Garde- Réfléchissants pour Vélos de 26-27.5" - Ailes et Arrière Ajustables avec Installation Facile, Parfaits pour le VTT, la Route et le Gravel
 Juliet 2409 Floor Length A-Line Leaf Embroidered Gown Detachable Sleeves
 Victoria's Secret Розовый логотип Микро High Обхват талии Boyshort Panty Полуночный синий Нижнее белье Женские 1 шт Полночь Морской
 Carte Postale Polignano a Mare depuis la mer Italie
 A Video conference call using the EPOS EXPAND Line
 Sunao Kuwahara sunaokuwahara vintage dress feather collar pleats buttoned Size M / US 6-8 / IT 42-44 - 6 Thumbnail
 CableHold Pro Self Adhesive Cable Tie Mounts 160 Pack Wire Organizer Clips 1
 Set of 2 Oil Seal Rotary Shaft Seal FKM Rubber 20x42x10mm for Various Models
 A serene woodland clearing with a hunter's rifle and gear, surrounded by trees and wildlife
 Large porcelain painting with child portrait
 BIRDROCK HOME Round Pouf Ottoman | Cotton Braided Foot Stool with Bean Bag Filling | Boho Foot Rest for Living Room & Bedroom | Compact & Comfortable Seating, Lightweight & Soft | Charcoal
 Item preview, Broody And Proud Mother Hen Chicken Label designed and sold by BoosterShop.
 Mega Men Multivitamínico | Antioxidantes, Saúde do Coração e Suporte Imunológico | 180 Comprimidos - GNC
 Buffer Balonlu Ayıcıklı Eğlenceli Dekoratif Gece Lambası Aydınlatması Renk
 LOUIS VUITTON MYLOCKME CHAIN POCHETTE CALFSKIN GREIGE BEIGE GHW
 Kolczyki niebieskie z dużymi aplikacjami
_ _ _ _ _ _ _
__DIRECTIONS FOR THIS TASK__:
Using only the entries above, output the line with "A serene woodland", the line with "BIRDROCK HOME Round", and all lines between them, exactly as they stand.

__REPLY TO THE TASK__:
 A serene woodland clearing with a hunter's rifle and gear, surrounded by trees and wildlife
 Large porcelain painting with child portrait
 BIRDROCK HOME Round Pouf Ottoman | Cotton Braided Foot Stool with Bean Bag Filling | Boho Foot Rest for Living Room & Bedroom | Compact & Comfortable Seating, Lightweight & Soft | Charcoal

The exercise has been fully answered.